Question: Are you comfortable that an ethics panel of 4 R’s & 3 D’s will eschew politics in favor of truth as they look into Hart’s tax woes?
Here’s a link to Betsy Russell’s full story today re: how Rep. Phil Hart, R-Athol, has used the legislative session to hold off the tax man four times in the six years he’s served as a state lawmaker, starting his first year in office; and here’s a link to a letter from a Spokane attorney that Hart submitted to the state Board of Tax Appeals to bolster his case. Washington has a very similar legislative privilege clause in its state constitution to the one that Hart cites in Idaho’s constitution, but Hugh Spitzer, who teaches state constitutional law at the University of Washington School of Law, said he hasn’t heard of lawmakers invoking it in similar situations.
Question: What bugs you more — that Rep. Phil Hart owes the IRS about $350,000 in back taxes?

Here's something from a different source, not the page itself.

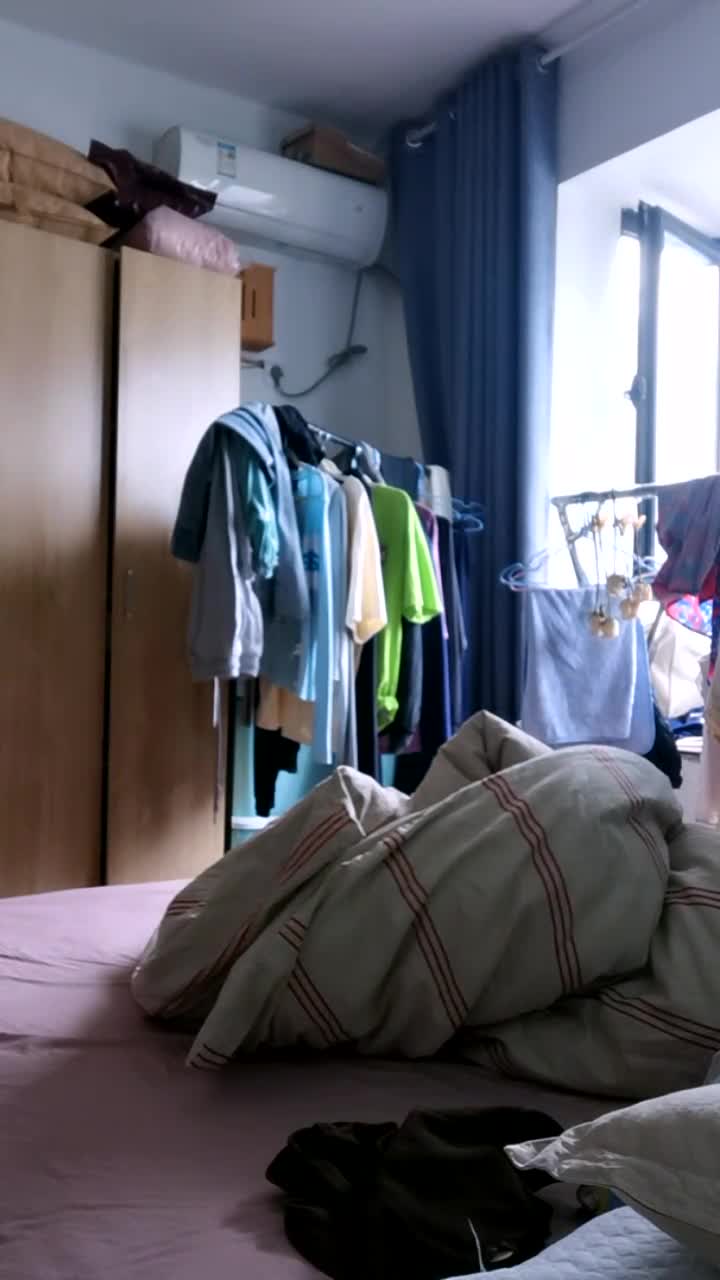 【乘务员妹妹】G奶学妹天然美乳~黑牛狂震~强震骚逼~爽到出白浆【87V】 (61)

Or that he owes Idaho $53,000 in back taxes?
The story this last week about state Representative Phil Hart, R-Athol, being slapped with $300,000 in tax liens (from 1997-2003 and two more recent years) almost slipped by – people get into financial arrears, on a basic level there’s nothing shocking there – except for a few points that should be noted before this slips away. One is that Hart is quite influential among very conservative Republicans; in the Panhandle, he’s among the must-get endorsements if you’re running with Tea Party and other very ideological conservatives. He has become influential enough that he was a key lever behind the ouster of incumbent Republican Senator Mike Jorgenson, from his district, by Steve Vick; the extent of Hart’s involvement has been a matter of some dispute, but he apparently recruited Vick to run/Randy Stapilus, Ridenbaugh Press. More here.
Question: Does Rep. Phil Hart’s tax problems matter to his followers?